A younger me would’ve been shocked to see me in this position. There was once a time when, because of familial and religious pressures, I thought that I would never come out of the closet. I thought I might tell my parents about my sexuality only in the most dire of circumstances, i.e. if I fell deeply in love with a woman and planned to spend the rest of my life with her, and if my parents didn’t know, I’d have to be sure that nobody else knew, so they wouldn’t find out.

And now here I am, setting out to establish a career in which I identify myself as, of all things, a queer writer. I’m “out” in most areas of my life, though not all, but now I’m broadcasting it on the Internet for anyone to find (shout-out to any extended family who are snooping here now — hi! Yes, the rumors are true). The fact that I was able to come out, and I can now proudly declare who I am while keeping my health, my safety and my livelihood, shows that I’m quite lucky. It’s not a matter of life or death for me, like it is for some folks.

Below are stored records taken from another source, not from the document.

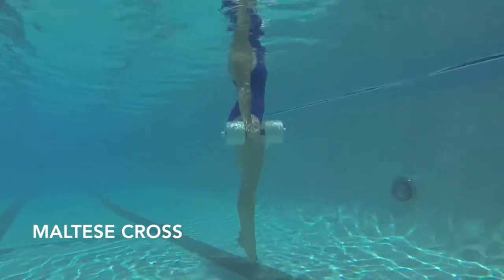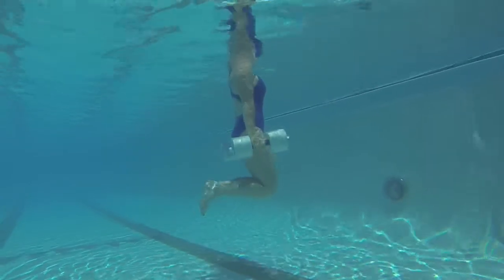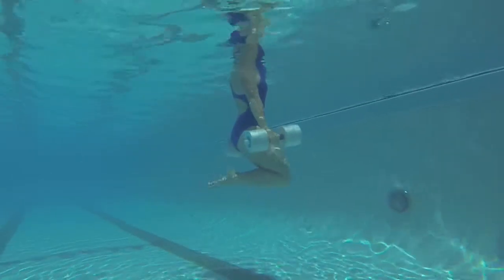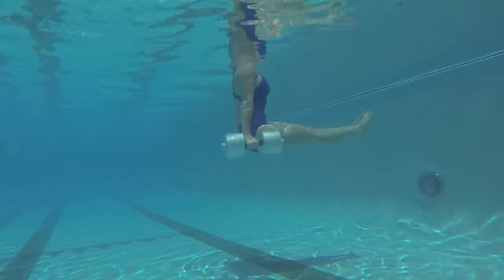To perform a Maltese cross, hold two dumbbells down by your hips with legs straight, bend your hips and knees to 90 degrees, outstretch your legs so they are straight in front of you, and hold for five seconds.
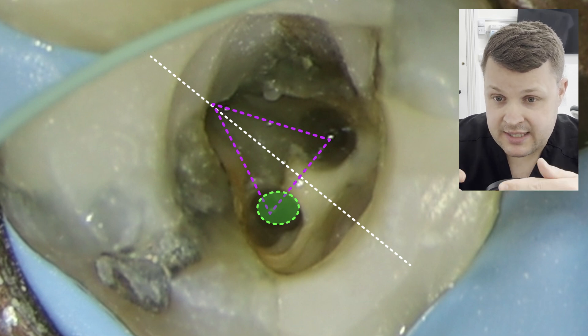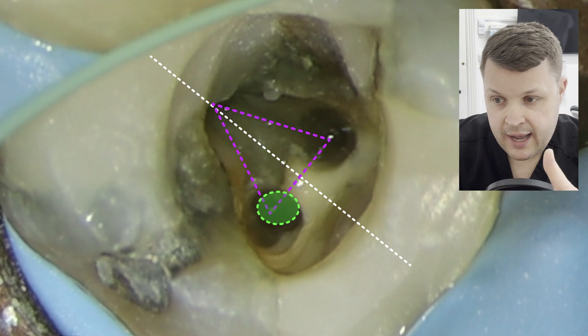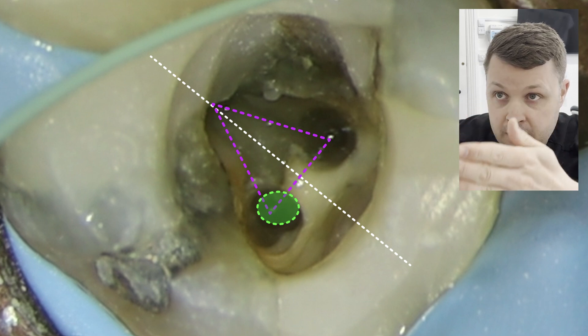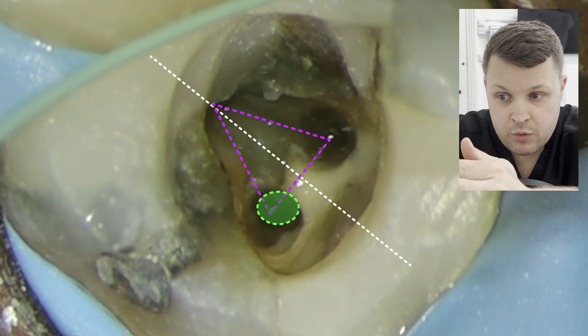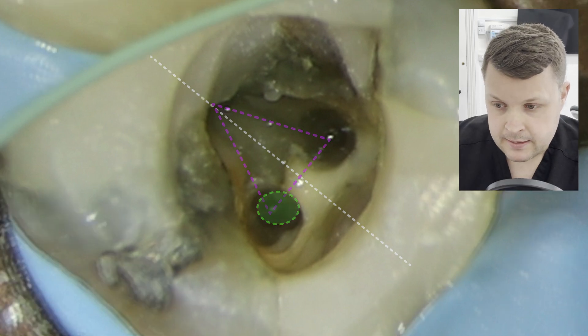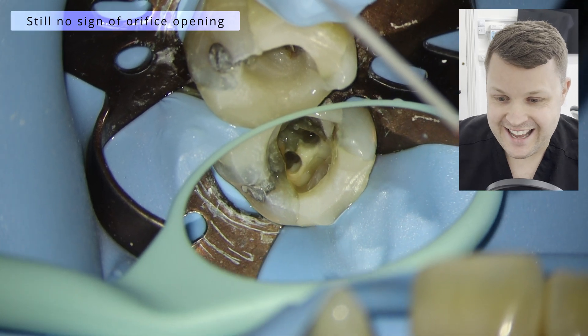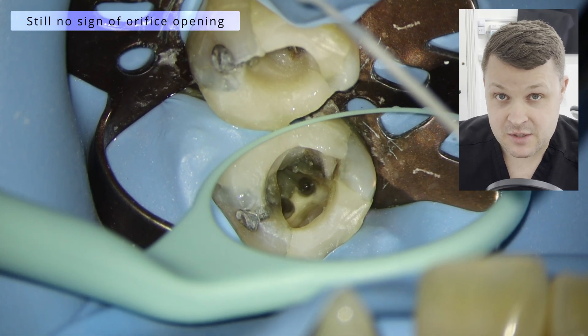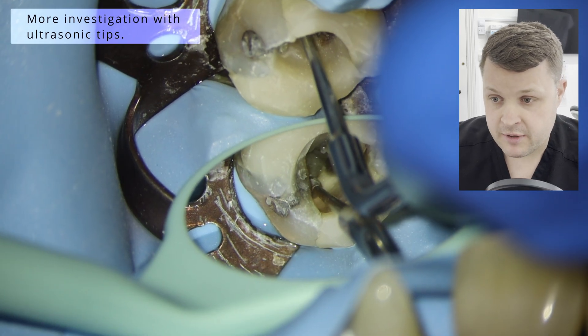And this kind of circle here shows where we should be looking. Actually, I was erring on the side of looking a bit more mesially in this canal, because I thought the two canals joined. Sometimes when you take a lot of dentin away, because of the curve of the canal, the orifice as you remove it moves sort of more mesially. And we'll see here that that wasn't the case, but that was my thinking at the time.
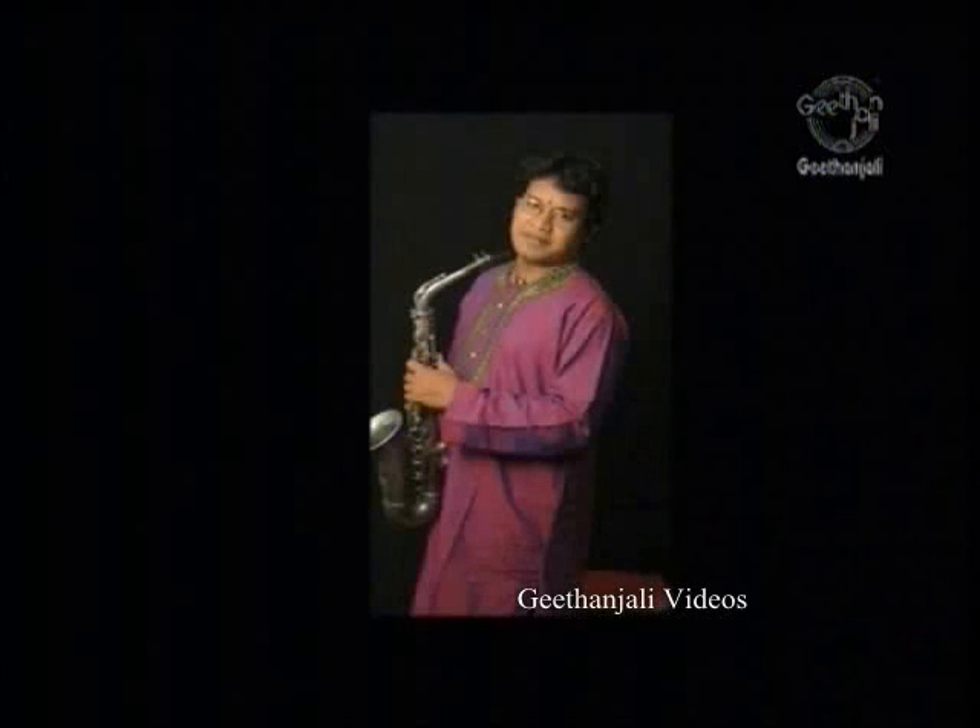This DVD for learning the basics of saxophone will be presented by one of the country's popular young saxophonists, Mr. E. R. Janardhan, disciple of Padma Shri Kadri Gopalnath.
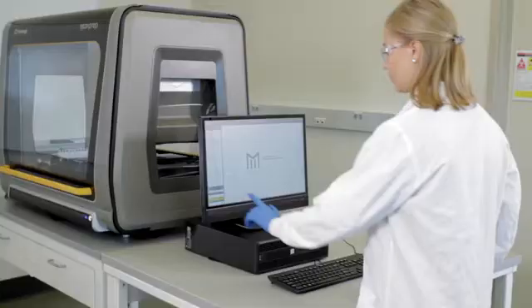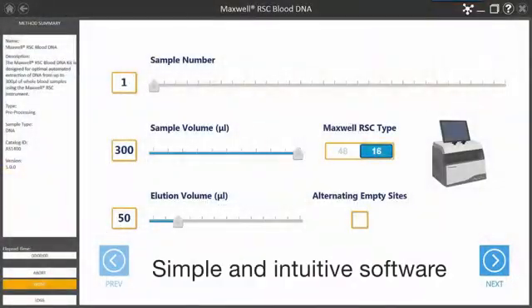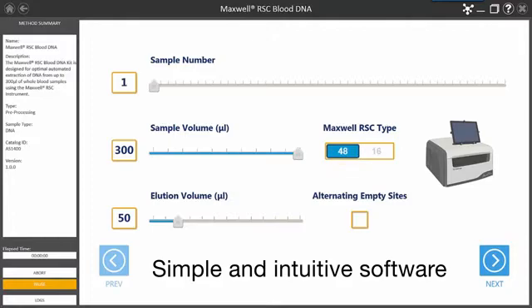The MaxPrep software is designed to be used by anyone in the lab. The software interface guides users through setup of the liquid handler in minutes.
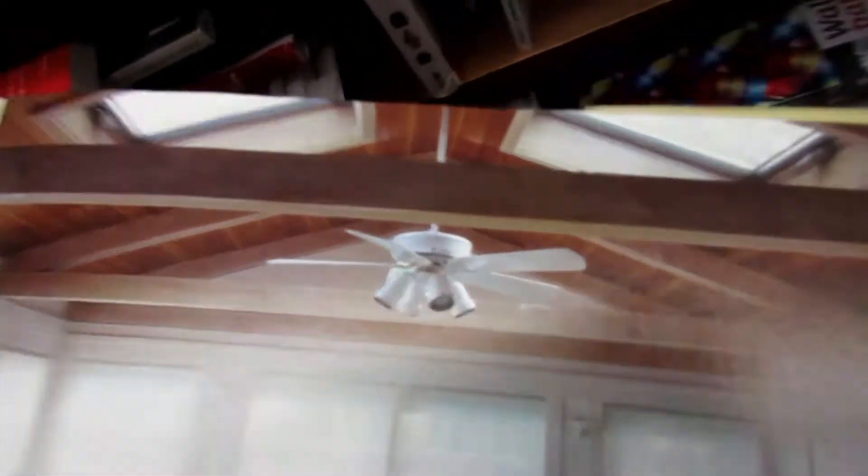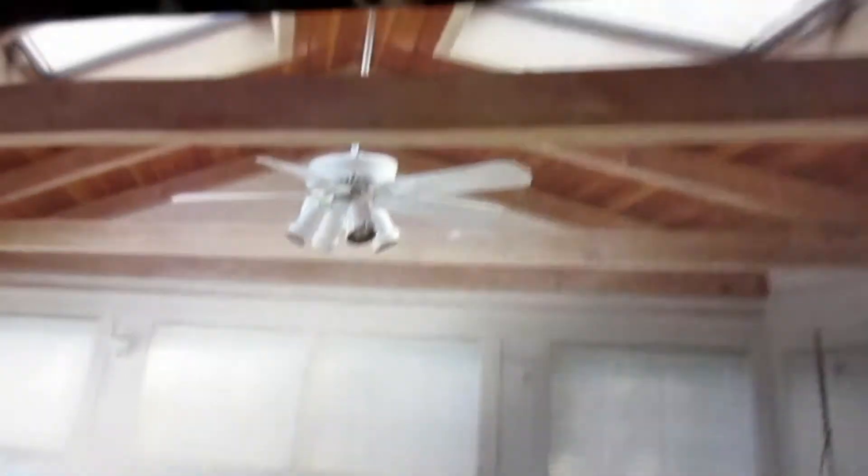Here's a Casa Blanca Panama and a sunroom — there's a spotlight kit and I believe this one's IntelliTouch. Here's a Hunter original ceiling fan. Yeah, this is a Hunter original.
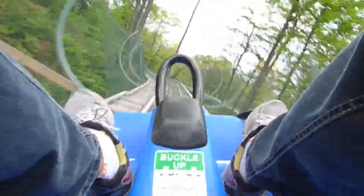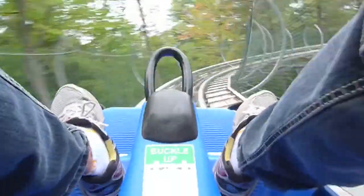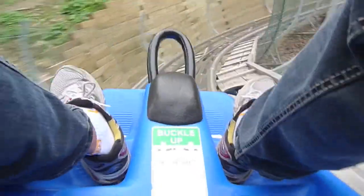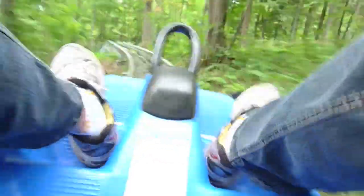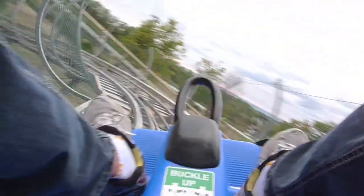I'm going to show you a little bit. We'll be right back.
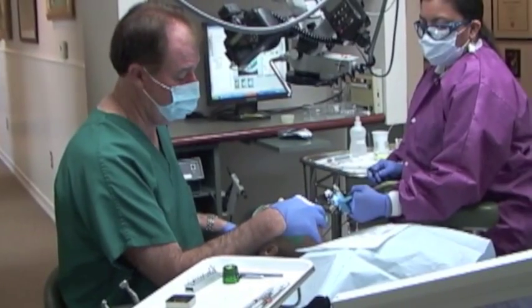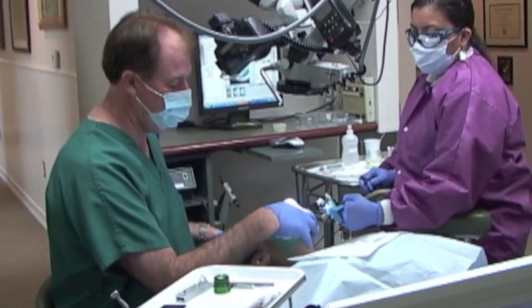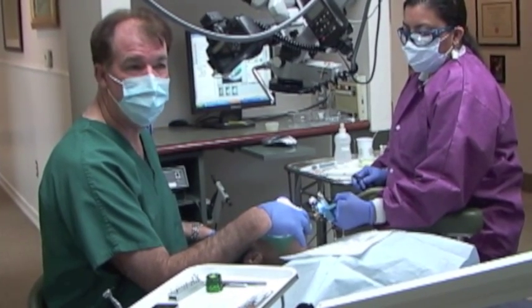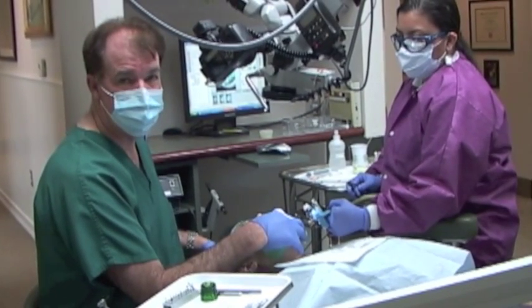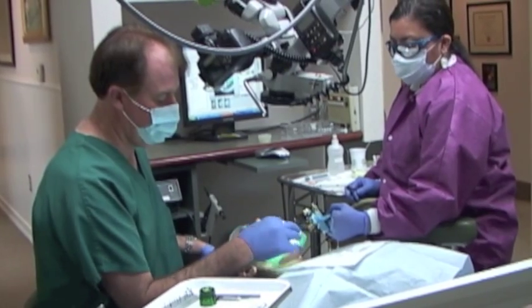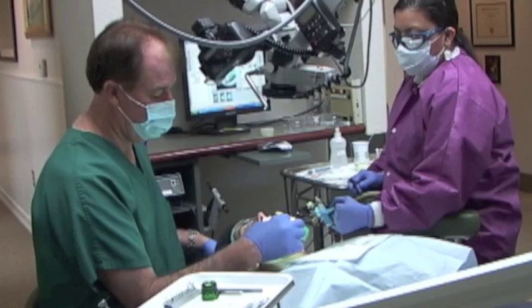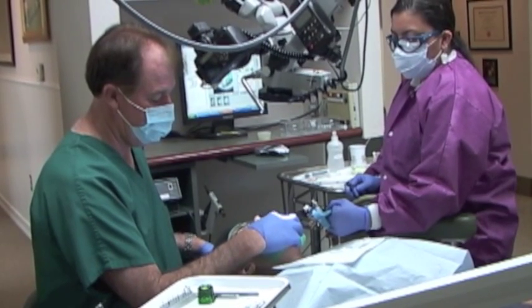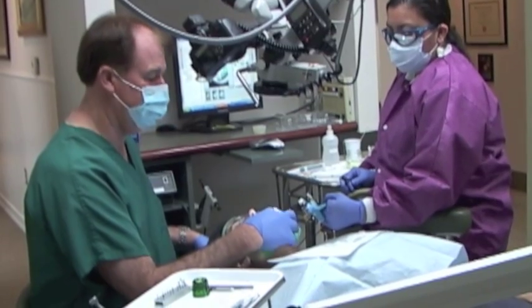I'm just very tightly teasing it with a little kind of teasing back and forth rotational motion — very passively, not pushing it at all, not trying to create a ledge. And it just slides right by it, and I feel like I'm getting patency down to my stop level. I'm just going up and down, a little filing around that little bump, smoothing it.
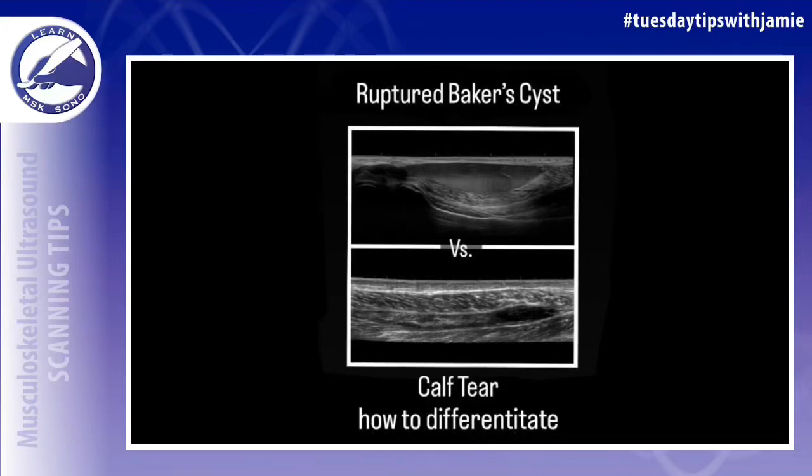This video is going to help you differentiate a ruptured Baker's cyst from a calf tear on ultrasound.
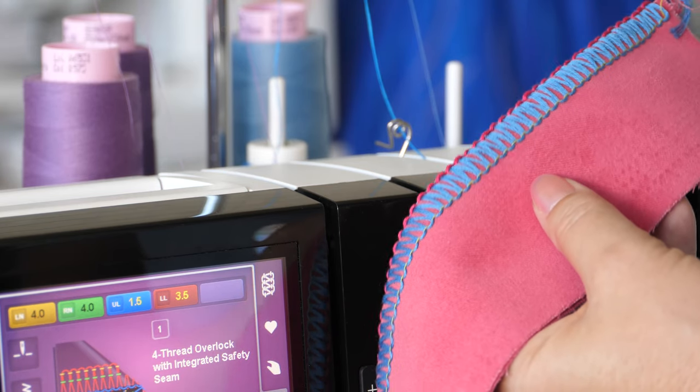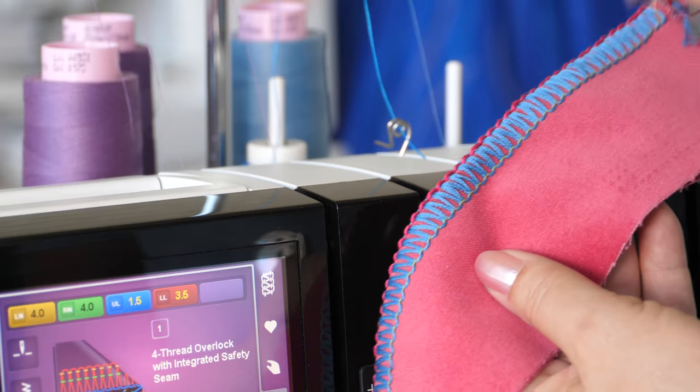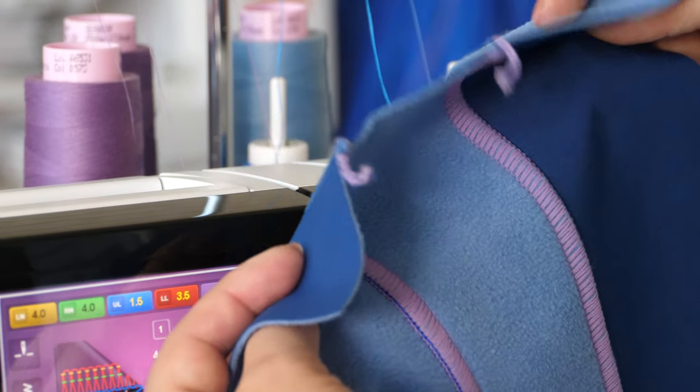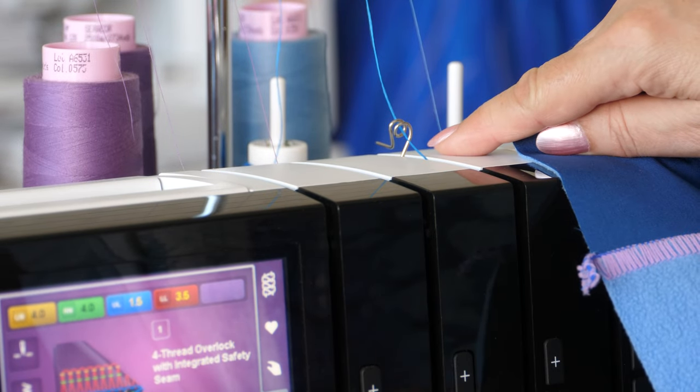For a wide 3-thread overlock, the decorative threads guide is used for the upper looper thread. For a wide 3-thread flatlock, the decorative threads guide is also used at the upper looper.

So while I certainly don’t believe that everyone should be forced to come out of the closet like me, it saddens me to know that even some of the iconic queer writers and artists who paved the way for our voices to be heard today must be forced to remain in the closet, even long after their deaths.

People ask me about my influences, and three names that come up most often are Audre Lorde, James Baldwin and Langston Hughes. Notice a pattern here? Nobody denies that they’re all black. Nobody denies that they’re all great. But, according to some, somehow I’m supposed to believe that identifying all of them as queer will somehow hurt one’s status as a respectable writer.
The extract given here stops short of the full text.